第17話 魔法研究所の眠り姫事件PART2(上)

 落ちた先は、地下牢らしかった。特に怪我もなく、ふんわり着地。わざわざ訊かなかったけど、どうやら四楼儀さんの魔法のおかげのようだ。
「してやられたようだね」
 壁にもたれて座り込んだまま、四楼儀さんが溜め息を吐く。
「ったく、ビストリカのご友人じゃなかったのけ?」
 ジョーディさんも肩をすくめながら、金色の目を、金属の格子の外に向けていた。牢の外には、武装した男が三人、目を光らせている。そのうちの一人が、口を開いた。
「大人しくしていることだ。お前たちが余計なことをすれば、連れが傷つく可能性もある」
「ビストリカが人質ってわけかい……」
 これは弱ったな、とわたしは思う。ジョーディさんも抵抗する気はなさそうな様子で、アックスを抱えてうずくまった。
「今は、機を待つしかあるまい」
 小声で言って、四楼儀さんは目を閉じる。
 そう言ったところで、わたしは……ビストリカが心配だ。でも、さすがにじっと見張られていると……せいぜい、鞄の中身をいじるくらい。わたしは武器など持っていないと見られているのか、べつに咎められることもない。
 そりゃ、ジョーディさんのアックスも取り上げられないくらいだもの。
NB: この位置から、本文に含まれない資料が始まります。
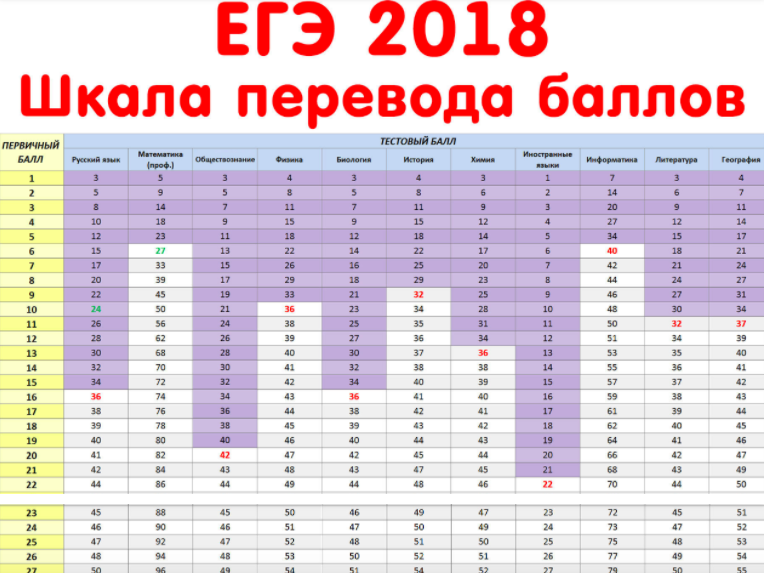 Как считаются баллы по егэ: методика перевода первичных оценок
本当なら、アックスや四楼儀さんの魔法で脱出は可能なはずなのだ。でも、人質がいるからじっとしているしかないだろう、と相手方にも思われているのか。
〈でも、魔法であいつらを眠らせることとかできないんですか?〉
 というのは、相手の袖を引っ張り、筆談ならぬ携帯電話のモニターに書き込んで質問してみた文章。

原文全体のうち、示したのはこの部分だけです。